Coup? The leadership has total command of the military, yes? Isn’t he very popular? How about terrorism? Haven’t the terrorists been quashed? Haven’t they been relegated to the countryside? Or has “very dangerous times ahead” been used to justify the conditioning of the public’s mindset for possible imposition of martial law? Or have “very dangerous times ahead” been used to divert the public’s attention on the controversial fishing boat collision involving the Chinese at the West Philippine Sea?

Even more, have there been undisclosed reasons to prompt the leadership to utter such dour forecast?

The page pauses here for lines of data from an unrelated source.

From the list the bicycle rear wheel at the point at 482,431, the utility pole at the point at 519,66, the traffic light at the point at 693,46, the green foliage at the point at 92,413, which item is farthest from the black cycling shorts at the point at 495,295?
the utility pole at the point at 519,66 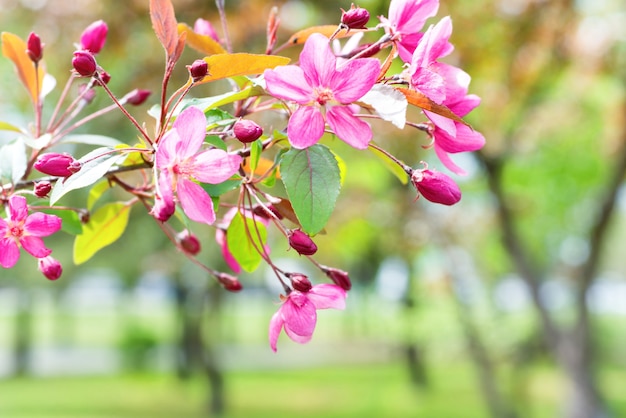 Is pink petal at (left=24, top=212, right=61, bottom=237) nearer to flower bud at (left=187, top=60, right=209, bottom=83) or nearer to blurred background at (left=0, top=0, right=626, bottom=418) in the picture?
flower bud at (left=187, top=60, right=209, bottom=83)

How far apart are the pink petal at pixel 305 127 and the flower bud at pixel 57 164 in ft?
0.57

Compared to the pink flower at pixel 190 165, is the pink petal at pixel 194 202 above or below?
below

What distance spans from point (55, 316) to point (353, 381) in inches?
639

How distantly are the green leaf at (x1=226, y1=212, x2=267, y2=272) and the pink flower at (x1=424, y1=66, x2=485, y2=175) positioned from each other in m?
0.21

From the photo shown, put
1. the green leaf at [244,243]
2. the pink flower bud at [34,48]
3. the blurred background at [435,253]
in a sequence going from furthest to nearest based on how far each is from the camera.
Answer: the blurred background at [435,253]
the pink flower bud at [34,48]
the green leaf at [244,243]

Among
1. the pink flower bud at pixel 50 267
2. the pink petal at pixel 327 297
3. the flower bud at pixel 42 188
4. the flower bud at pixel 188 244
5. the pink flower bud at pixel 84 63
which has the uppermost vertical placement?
the pink flower bud at pixel 84 63

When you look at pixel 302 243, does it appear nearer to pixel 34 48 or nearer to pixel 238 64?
pixel 238 64

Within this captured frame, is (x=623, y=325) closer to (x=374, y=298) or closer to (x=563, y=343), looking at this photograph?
(x=374, y=298)

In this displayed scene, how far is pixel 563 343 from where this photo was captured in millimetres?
5492

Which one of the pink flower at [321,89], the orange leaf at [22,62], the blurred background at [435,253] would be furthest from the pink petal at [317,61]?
the blurred background at [435,253]

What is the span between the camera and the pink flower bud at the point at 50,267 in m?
0.68

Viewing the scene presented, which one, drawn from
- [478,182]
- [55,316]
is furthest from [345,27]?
[55,316]

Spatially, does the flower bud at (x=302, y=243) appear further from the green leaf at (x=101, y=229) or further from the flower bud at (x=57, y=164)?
the green leaf at (x=101, y=229)

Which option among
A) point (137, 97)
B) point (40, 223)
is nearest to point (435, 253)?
point (137, 97) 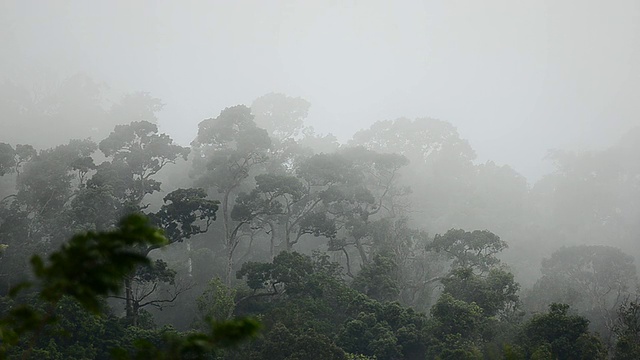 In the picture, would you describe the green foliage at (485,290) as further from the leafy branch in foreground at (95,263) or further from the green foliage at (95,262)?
the green foliage at (95,262)

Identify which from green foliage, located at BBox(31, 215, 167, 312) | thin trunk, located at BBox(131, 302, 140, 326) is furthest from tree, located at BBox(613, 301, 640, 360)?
thin trunk, located at BBox(131, 302, 140, 326)

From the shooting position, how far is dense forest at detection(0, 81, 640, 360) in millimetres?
18719

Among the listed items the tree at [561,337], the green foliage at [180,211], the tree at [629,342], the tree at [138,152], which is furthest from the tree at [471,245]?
the tree at [138,152]

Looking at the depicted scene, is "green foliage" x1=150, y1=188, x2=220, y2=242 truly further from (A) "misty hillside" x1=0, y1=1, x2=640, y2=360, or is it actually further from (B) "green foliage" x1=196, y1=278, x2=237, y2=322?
(B) "green foliage" x1=196, y1=278, x2=237, y2=322

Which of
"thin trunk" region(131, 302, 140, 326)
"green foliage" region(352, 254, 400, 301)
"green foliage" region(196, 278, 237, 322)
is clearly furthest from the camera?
"green foliage" region(352, 254, 400, 301)

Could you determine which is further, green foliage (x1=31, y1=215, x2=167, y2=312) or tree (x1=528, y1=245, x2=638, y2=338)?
tree (x1=528, y1=245, x2=638, y2=338)

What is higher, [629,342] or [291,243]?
[291,243]

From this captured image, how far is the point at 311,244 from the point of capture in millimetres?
38688

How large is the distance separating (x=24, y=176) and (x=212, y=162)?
13.4 m

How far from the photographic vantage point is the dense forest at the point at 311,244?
1872cm

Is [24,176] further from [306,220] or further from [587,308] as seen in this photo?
[587,308]

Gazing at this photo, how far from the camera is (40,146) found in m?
52.5

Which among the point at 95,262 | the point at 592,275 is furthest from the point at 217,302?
the point at 592,275

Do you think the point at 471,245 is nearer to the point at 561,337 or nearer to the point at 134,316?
the point at 561,337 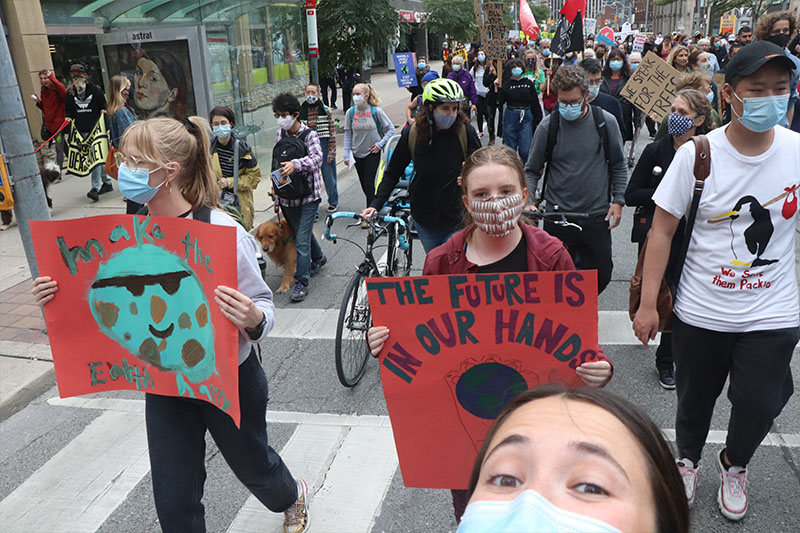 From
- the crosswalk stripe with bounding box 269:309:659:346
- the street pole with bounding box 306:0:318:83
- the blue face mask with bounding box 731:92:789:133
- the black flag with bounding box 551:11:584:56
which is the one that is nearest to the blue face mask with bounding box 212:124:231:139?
the crosswalk stripe with bounding box 269:309:659:346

Phisix: Skewed Distribution a Product of Manipulation

Last week, I wrote

Share prices of BDO, the biggest market cap bank, has been forcibly pushed upwards (through marking the close) in many of the recent sessions. Such actions appear to be designed to inspire bank issues to participate in the quest to redeem the sector's zenith in January 2018, as well as to propagate the PhiSYx back to the record high of 9,058.
Bank stocks have been a drag to the grand delusions of glory from easy money policies.
Even if they succeed to do so, it just shows how detached the markets have been with reality.


The headline equity bellwether, the PhiSYx, barreled through the 8,300 threshold to stretch its weekly winning streak to eight weeks in the last nine.

To ensure the attainment of OPERATION 9,058, banks stocks of the composite index were frantically bid higher. As such, the bank index, which soared by 4.95%, provided the most important pivot to the 1.58% weekly gains of the PSYEi 30 to close the week at 8,270.07 slightly lower than the 4Q 2017 high.
Figure 1

PhiSYx 9,058.62 signifies the zenith of the headline index established on January 29, 2018. And to attain the objective of toppling the previous or 2018 apex, end session operations targeting the biggest market capitalization issues have played a crucial role. (figure 1 lower window)

Based on full market capitalization (outstanding shares x market price), the share of the top 5 issues command a 41.62% of the index. The top 10, 62.07% share, while the top 15, 76.77% share. (figure 1, upper window)


In other words, because of the highly skewed distribution and calculation, the index has ultimately been determined by the performance of the biggest market cap issues.

Common sense tells it takes only movements of the top 10 issues to shape the index.

And the immense deviances in the distribution of market cap share only expositions that record highs have been meaningless or mispresents the index as these displays only performance of a segment of its component members.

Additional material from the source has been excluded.